Durragon didn’t get much sleep until morning. The Chasers marched from one side of the camp to the other, staying a respectable distance from the spines, shouting at the top of their lungs. When dawn was well along and they hadn’t received any answer, the runner woke Durragon up and he groggily began to make other plans.
Ezeki lay on his back in a tub of healing fluid, half-dreaming about his home village. A network of green and chrome manipulators hung in wait over his body. Earlier they had massaged and applied unguents; in a few days the wounds would be healed.
And paradise would end. One way or another, the city—or the woman—would throw them out. Something had to be done before then.
The fracas with the disbanded Tomoye had taught Ezeki several things about organic cities. Diffuse and huge as they might seem from the outside, they were controlled by a small number of tank-like brains. The one they had captured had not been very cooperative. He opened his eyes and sighed.
“Bring Breetod to me, please,” he told the worker. It rolled out of the room. A few minutes later the flank runner came in, sniffing at his hand and arm.
“They cleaned me up,” he said. “I’ve never smelled this good before.”
“How do you like it?” Ezeki asked.
The runner wrinkled his nose. “The smell is unfamiliar, and I can’t tell as much about my health as I could before—” he sniffed his arm-pit and shook his head—”but I don’t itch much, either. It’s acceptable.”
“This expolitan, Belshezar—has he told you much about the city yet?”

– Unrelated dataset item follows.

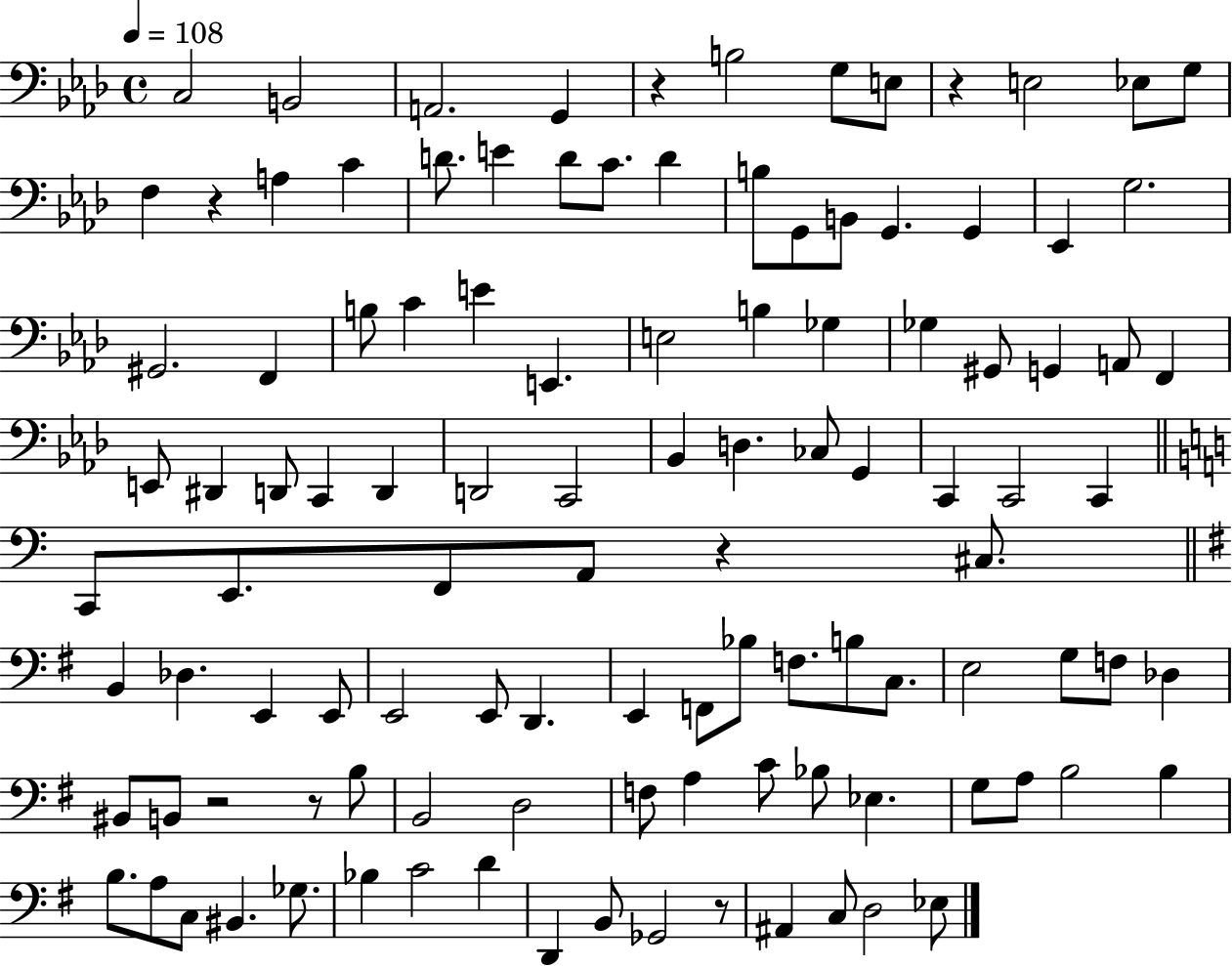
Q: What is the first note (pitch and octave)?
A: C3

“He’s more your kind than mine. He hasn’t said a thing since he was bandaged. Musa would like to strangle the bitch.”
“She looks like she can take care of herself. You might warn him. Besides, I think she’s telling the truth. She runs the city now.”
“Why do you believe her?”
“Does this city act like other cities?”
“No.”
“There it is. Something’s made it change.”
“But she’s just an old expolitan—”
“Not so old, maybe forty. Hard life. But she’s smart now, for whatever reason, and I think she has most of the city under control, but not all; otherwise why would it let us in? She was right—we were faking. She obviously doesn’t like having us here.”
“So?”
“We’ll meet today, before we get so perfumed and softened up we forget why we’re here. Bring everyone to Belshezar’s room—even the Chasers—and make sure the worker is not in attendance.”
“Yes, but here the walls have ears for a fact.”
“Then we’ll speak Habiru dialect. Whether she hears and understands or not, we’ll have a meeting.”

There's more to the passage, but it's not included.